[Brief descriptive captions]
________________________

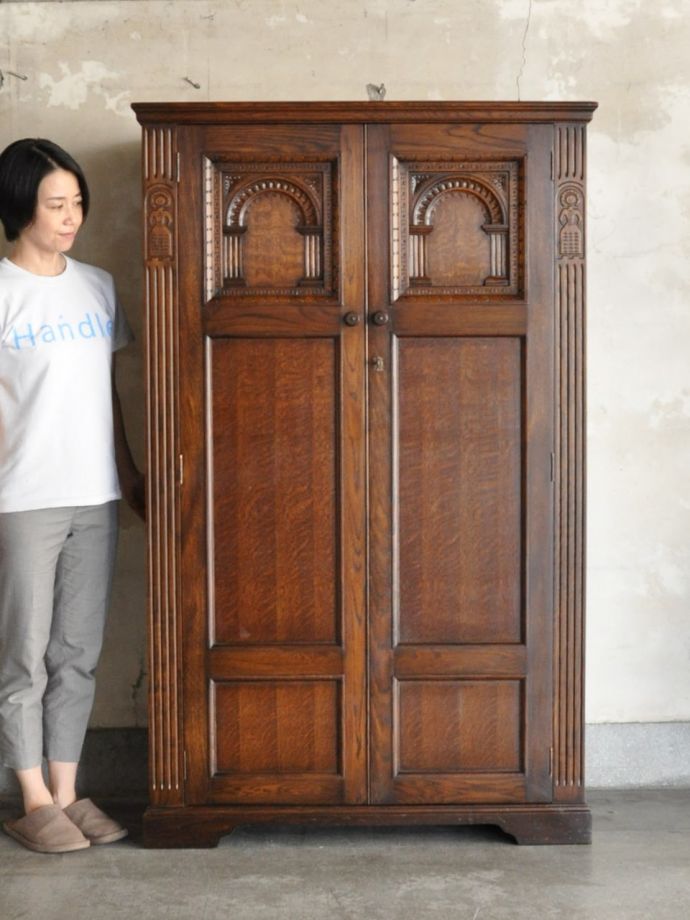 英国アンティークのワードローブ
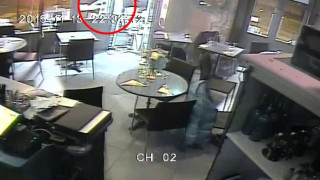 Първи кадри от атаката на ресторант в Париж (ВИДЕО)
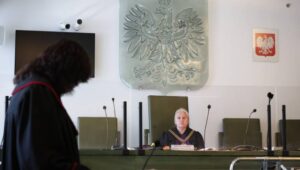 61225_41946788_41946015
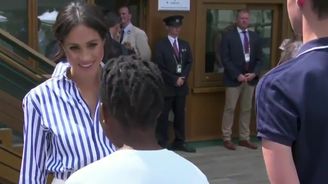 Pruhovaná košile jako hit Wimbledonu. Naučte se ji nosit podle Meghan Markle i Sienny Miller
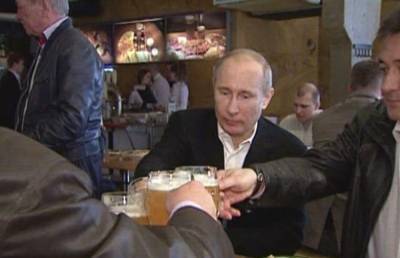 Путин завязал с пивом, объяснив причину: "В последнее время брюхо растет"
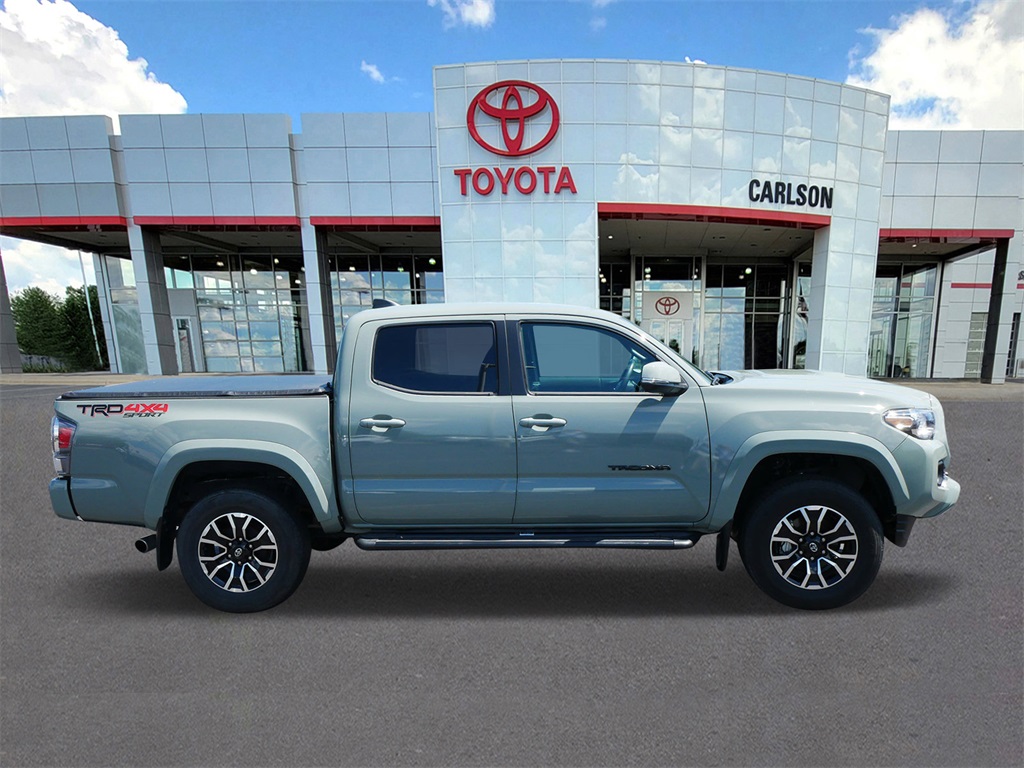 2023 Toyota Tacoma TRD Off-Road photo 4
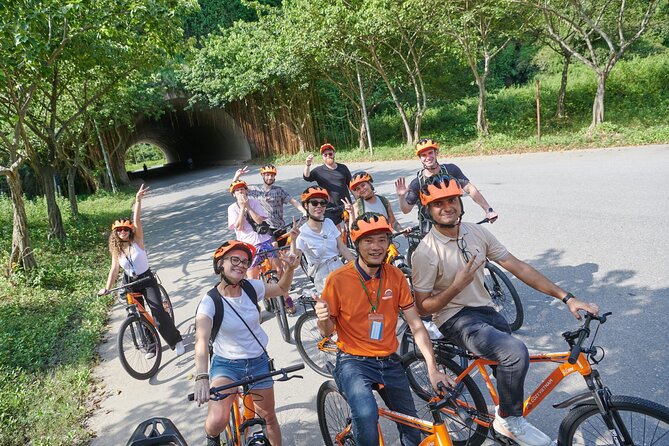 Ninh Binh Day Trip: Bai Dinh-Trang An-Mua Cave, Buffet, Boat, Bus - Mua Cave and the 500-step test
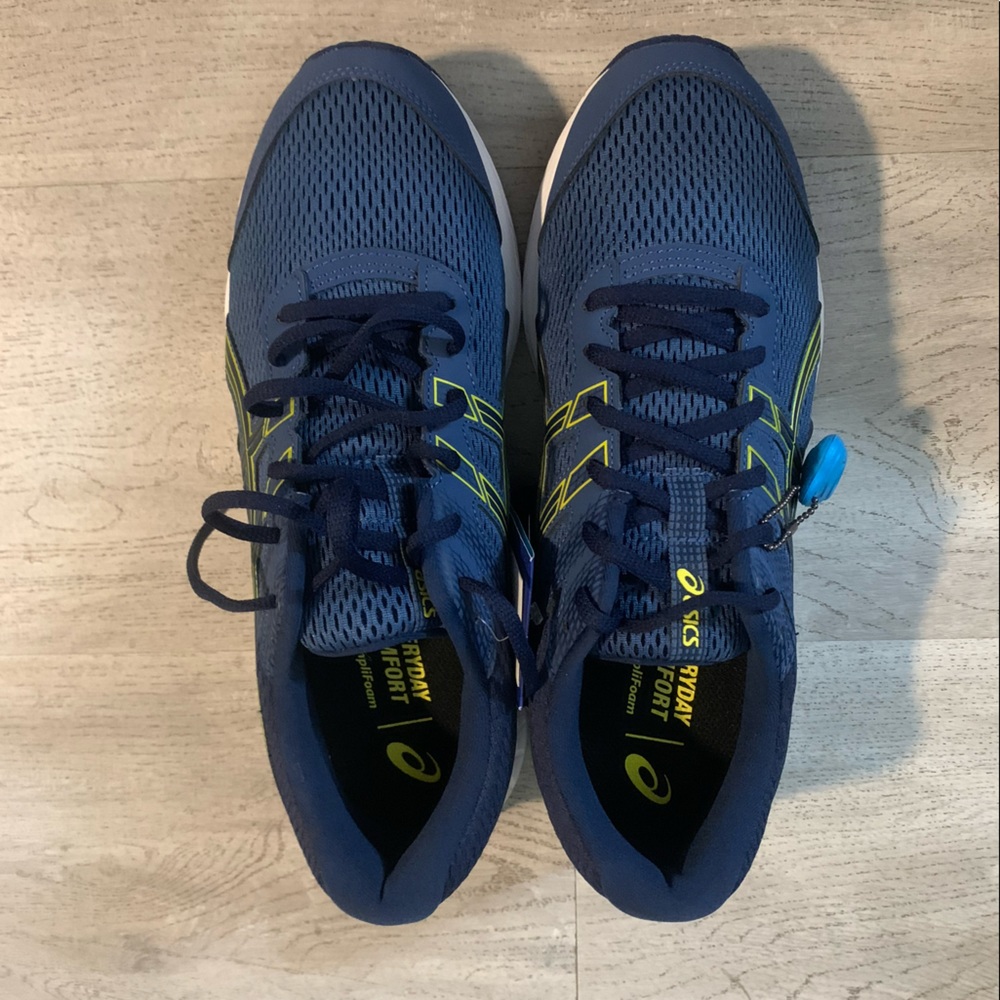 Gel contend 6 running shoes made by ASICS size 10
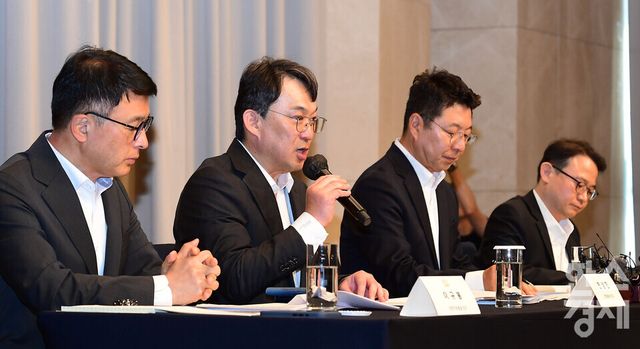 전상진 신세계그룹 경영 총괄 부사장이 26일 오전 강남구 조선팰리스 호텔서 5·18 민주화운동 기념일에 진행된 스타벅스 코리아의 부적절한 마케팅에 대한 진상 조사 발표를 하고 있다./ 이호형 기자 leemario@sporbiz.co.kr 2026.05.26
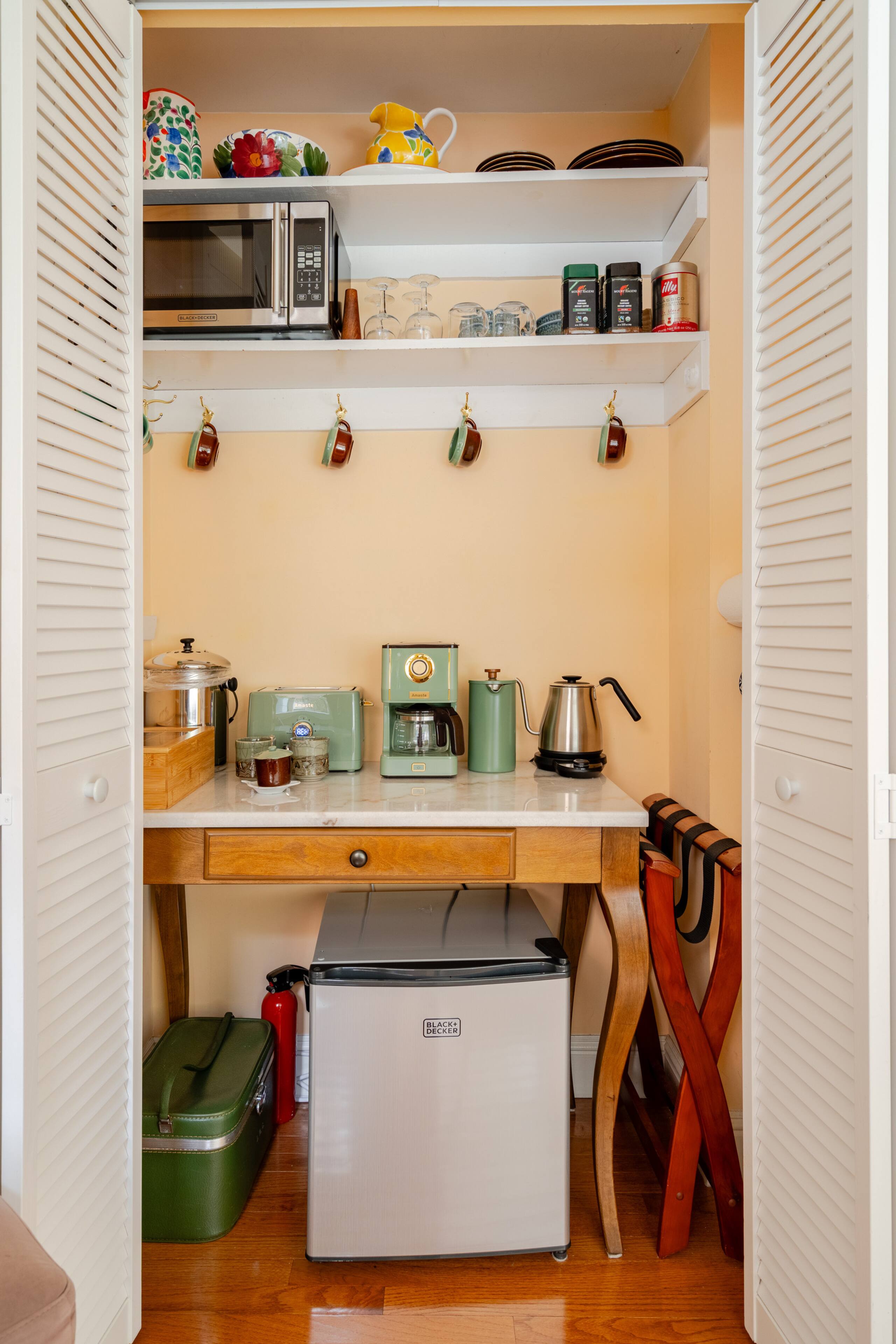 Home in San Francisco · ★4.94 · 3 bedrooms · 3 beds · 2.5 baths - Image 34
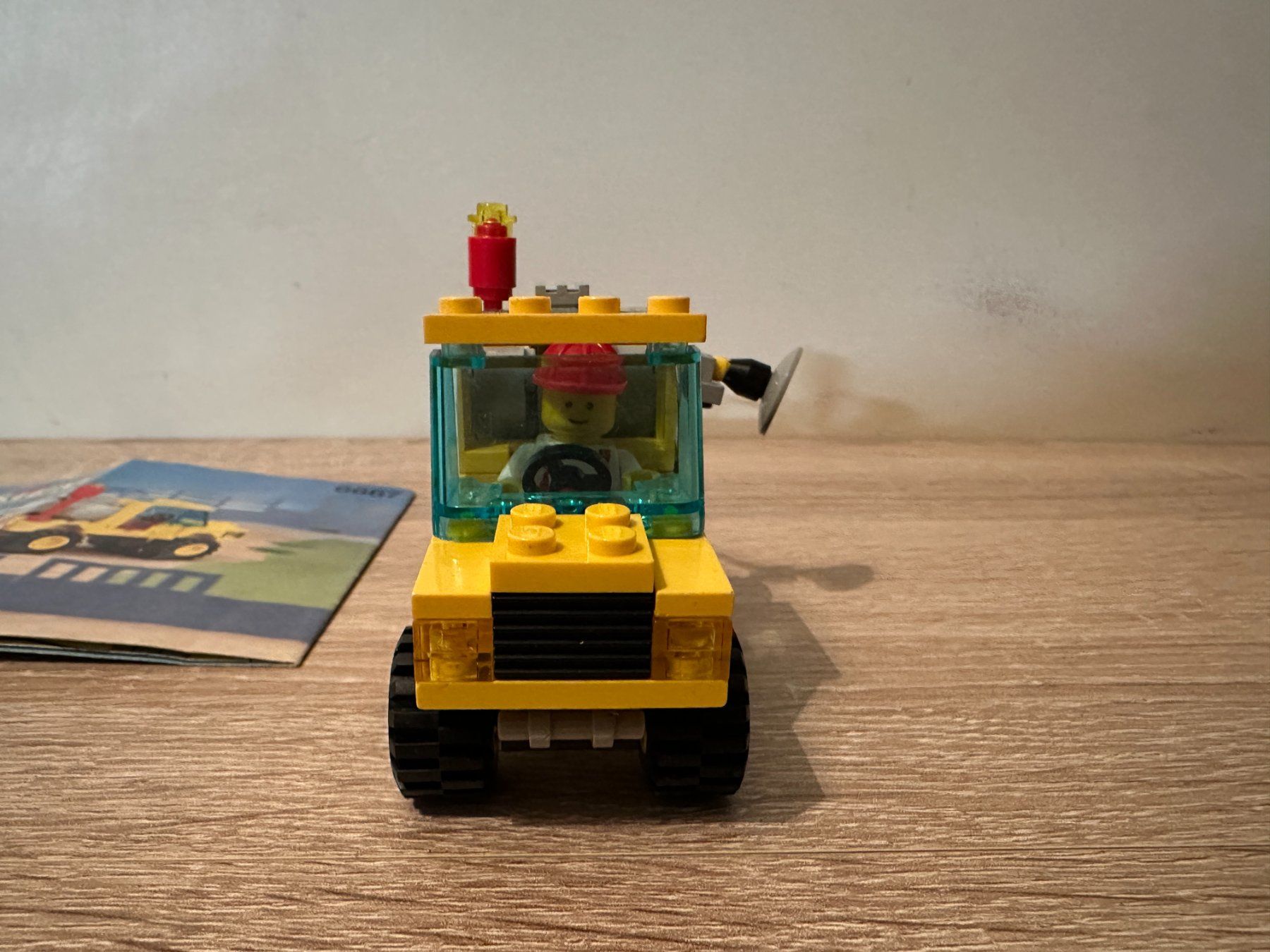 Lego Kit di costruzioni: LEGO 6667 Pothole Patcher – Usato da Basel venduto da Don-Angel 4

________________________

● Exercise instructions
The response must consist of the entries above exactly as they stand, minus any pictures.

● Answer section
 英国アンティークのワードローブ
 Първи кадри от атаката на ресторант в Париж (ВИДЕО)
 61225_41946788_41946015
 Pruhovaná košile jako hit Wimbledonu. Naučte se ji nosit podle Meghan Markle i Sienny Miller
 Путин завязал с пивом, объяснив причину: "В последнее время брюхо растет"
 2023 Toyota Tacoma TRD Off-Road photo 4
 Ninh Binh Day Trip: Bai Dinh-Trang An-Mua Cave, Buffet, Boat, Bus - Mua Cave and the 500-step test
 Gel contend 6 running shoes made by ASICS size 10
 전상진 신세계그룹 경영 총괄 부사장이 26일 오전 강남구 조선팰리스 호텔서 5·18 민주화운동 기념일에 진행된 스타벅스 코리아의 부적절한 마케팅에 대한 진상 조사 발표를 하고 있다./ 이호형 기자 leemario@sporbiz.co.kr 2026.05.26
 Home in San Francisco · ★4.94 · 3 bedrooms · 3 beds · 2.5 baths - Image 34
 Lego Kit di costruzioni: LEGO 6667 Pothole Patcher – Usato da Basel venduto da Don-Angel 4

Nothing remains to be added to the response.